Então, veio a segunda grande guerra. Morihei permaneceu no governo nos primeiros anos. Após, ficando profundamente abalado com toda violência da guerra, abandonou seu posto. Ao fim da guerra, tendo o Japão perdido, O-Sensei continuava otimista. "Mesmo com seus edifícios e cidades destruídos, um país ainda tem suas águas e florestas"
Aikido e todas outras artes marciais, à exceção do Karate - foram banidas pelas autoridades . Mesmo se as artes não tivessem sido banidas, haveria mesmo muito poucos alunos. Todos estavam muito preocupados tentando reconstruir seu país. O-Sensei, entretanto, continuava ensinando escondido no interior, em Iwama. Naqueles dias, a agenda de treinamento era praticamente perfeita:
6h Orações e meditações no santuário Aiki
7-9h Treino seguido por um café da manhã bem simples
9-12h Trabalho na fazenda
12-14h Pausa para almoço e descanso
14-16h trabalho na fazenda
16-18h treino
18-19h banho
19-20.30h orações, meditação e jantar
20.30-21.30h os alunos massageavam o-sensei, liam para ele e conversavam, antes de se retirarem para dormir
O treinamento de Aikido recomeçou normalmente em 1950, e nas duas décadas que se seguiram a prática do Aikido espalhou-se rapidamente, no Japão e no exterior.

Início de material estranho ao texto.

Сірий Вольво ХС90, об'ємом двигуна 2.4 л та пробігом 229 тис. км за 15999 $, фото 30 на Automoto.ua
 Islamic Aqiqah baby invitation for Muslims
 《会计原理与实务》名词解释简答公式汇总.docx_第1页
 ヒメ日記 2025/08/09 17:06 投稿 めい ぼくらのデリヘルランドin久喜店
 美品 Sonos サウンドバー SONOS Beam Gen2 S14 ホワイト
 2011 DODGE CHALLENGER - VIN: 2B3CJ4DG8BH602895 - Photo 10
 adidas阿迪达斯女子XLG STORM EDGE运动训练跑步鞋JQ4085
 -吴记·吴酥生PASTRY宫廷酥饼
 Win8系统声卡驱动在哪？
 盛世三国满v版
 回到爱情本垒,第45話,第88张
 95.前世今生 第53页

Nos seus anos finais, O-Sensei passava muito tempo estudando, orando e meditando. Também viajou muito, pelo mundo todo, demonstrando Aikido pessoalmente. Sua saúde começou a declinar; ele desenvolvera um câncer no fígado. O-Sensei faleceu no dia 26 de abril de 1969, aos oitenta e seis anos. Algumas de suas últimas palavras foram: "Aikido é para o mundo todo!".
Apesar de ter se originado no Japão, Aikido é agora parte integrante da cultura mundial, praticado por pessoas de todas as raças em todo o mundo. O-Sensei continua uma presença viva em todos os Dojo, e seu exemplo sempre inspira os novos praticantes.